DATA SHOWN.
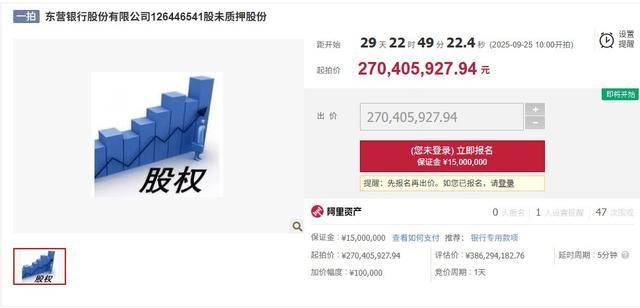 东营银行2.88％股权被司法拍卖<strong></p>
<p>上海电影股票</strong>，起拍价2.7亿元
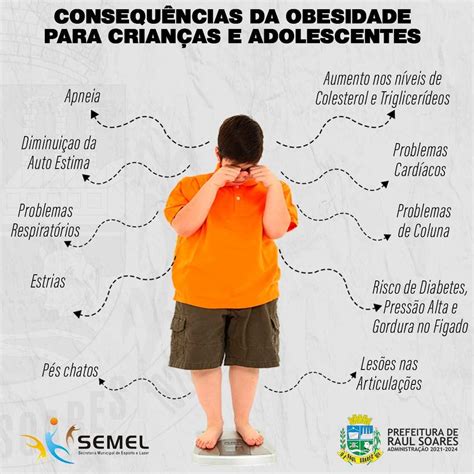 Prefeitura Municipal De Raul Soares A OBESIDADE INFANTIL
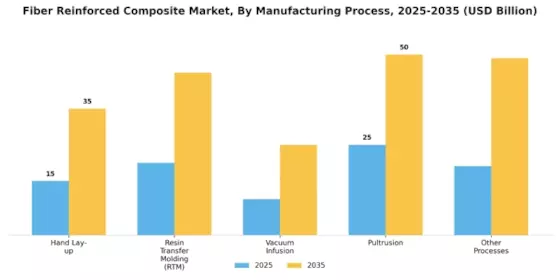 Fiber Reinforced Composite Market Segment Image 2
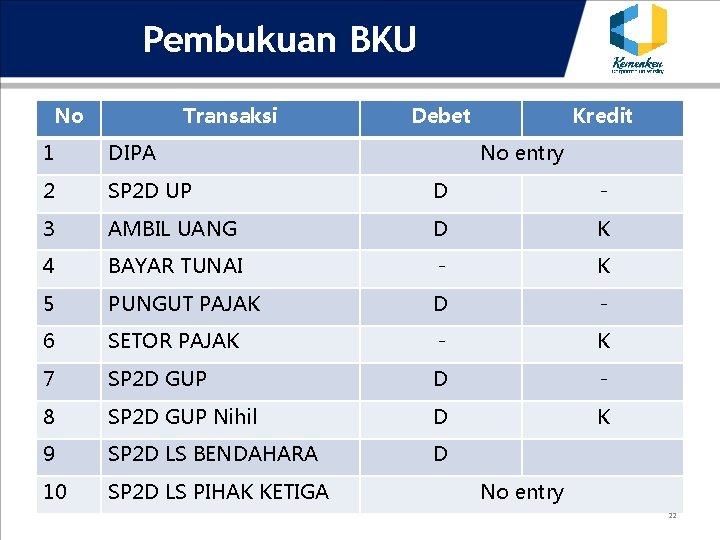 Pembukuan BKU No Transaksi Debet Kredit 1 DIPA No entry 2 SP 2 D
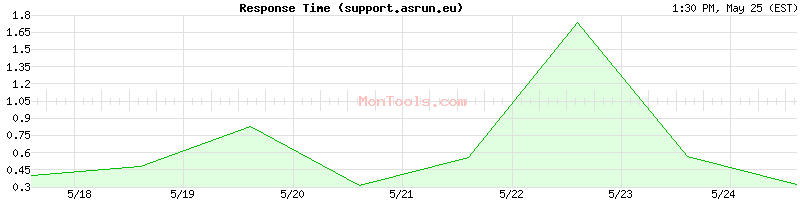 support.asrun.eu Slow or Fast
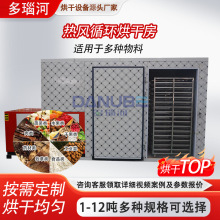 ����ˮ���߲˺�əC ʳƷș�ľ��������� ��ɹ����r�L�ɷ��O��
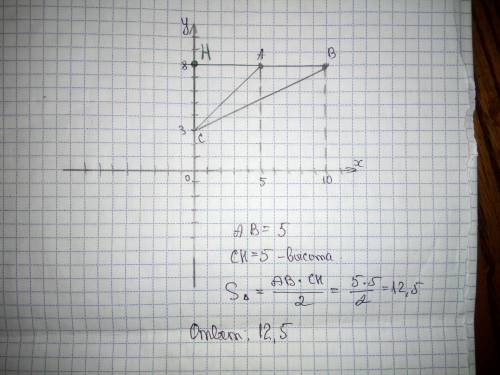 Найдите площадь треугольника вершины которого имеют координаты (5,8)(10,8)(0,3)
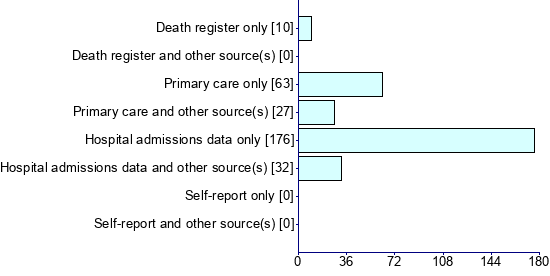 Graph illustrating main data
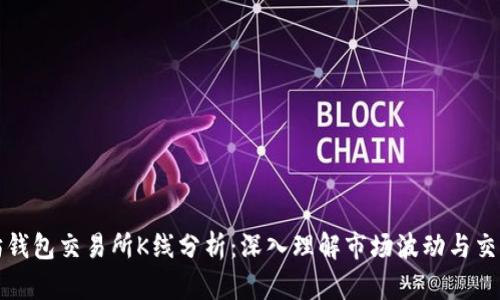 以太坊钱包交易所K线分析：深入理解市场波动与交易策略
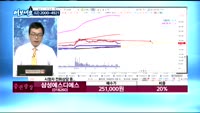 [김동호의 여보세요] 엠씨넥스(097520), 시공테크(020710), 삼성에스디에스(018260), 흥국(...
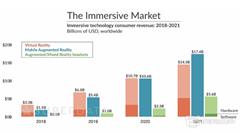 SuperData：2018年移动AR营收将达20亿美元，2021年预计超过170亿美元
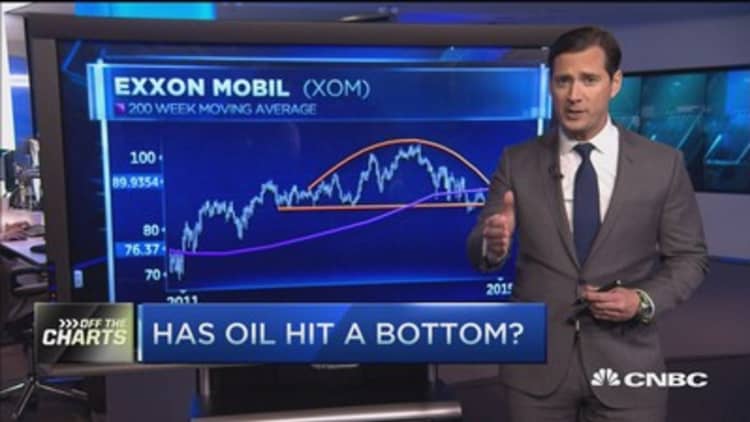 Off the charts: Rough day for oil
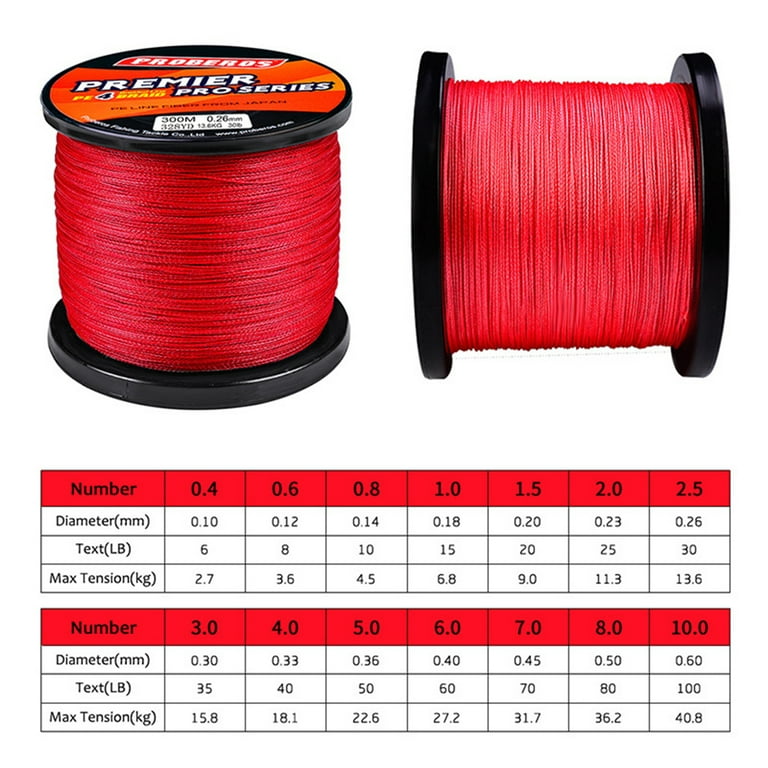 CVLIFE 330 Yards Fishing Line Spider wire Monofilament Filler Spool 6-100  Lb. (Various Colors) Reaction Tackle Braided High Impact 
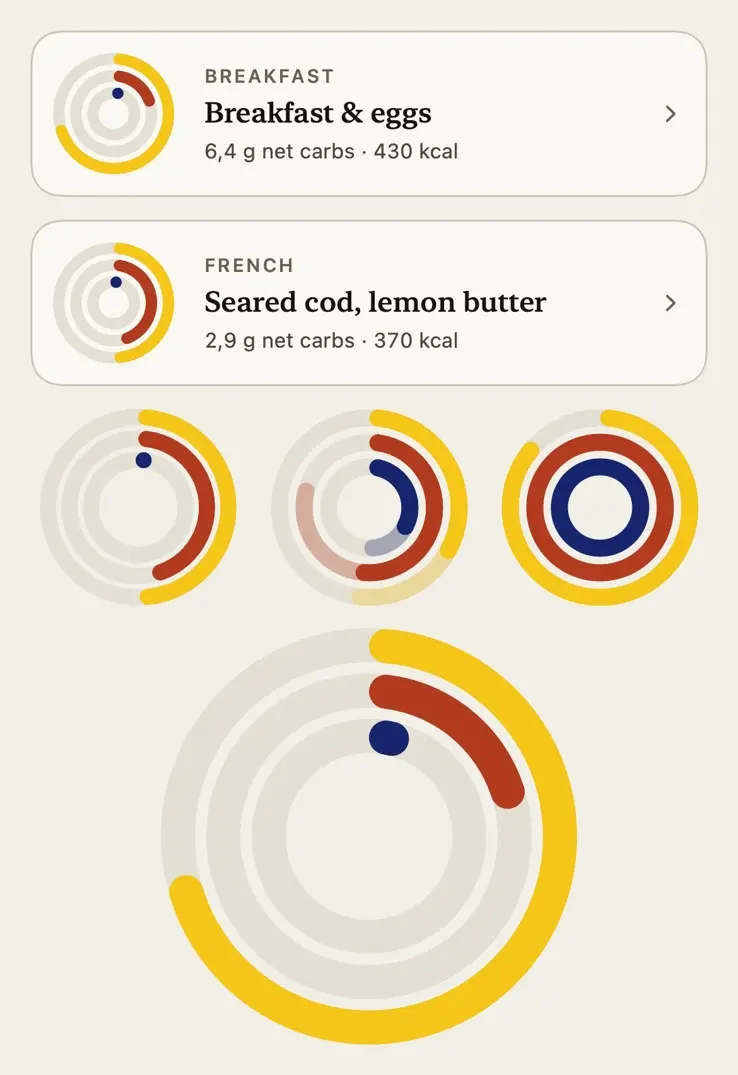 The meal ring on its own, in the light theme. Two meal cards at the top, breakfast and eggs and seared cod with lemon butter, each with a small ring. Below them three rings in three states: partial arcs with a dot where the carbs have barely started, the same arcs each extended by a paler stretch, and all three rings full. At the foot one ring drawn large, yellow outside, red in the middle and a single blue dot, every arc ending in a round cap.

EXERCISE DIRECTIONS. Output only the lines above from the one containing "[김동호의 여보세요] 엠씨넥스(097520), 시공테크(020710), 삼성에스디에스(018260), 흥국(..." to the one containing "CVLIFE 330 Yards", both included, exactly as written and with no pictures.

ANSWER FOR THIS EXERCISE.
 [김동호의 여보세요] 엠씨넥스(097520), 시공테크(020710), 삼성에스디에스(018260), 흥국(...
 SuperData：2018年移动AR营收将达20亿美元，2021年预计超过170亿美元
 Off the charts: Rough day for oil
 CVLIFE 330 Yards Fishing Line Spider wire Monofilament Filler Spool 6-100  Lb. (Various Colors) Reaction Tackle Braided High Impact 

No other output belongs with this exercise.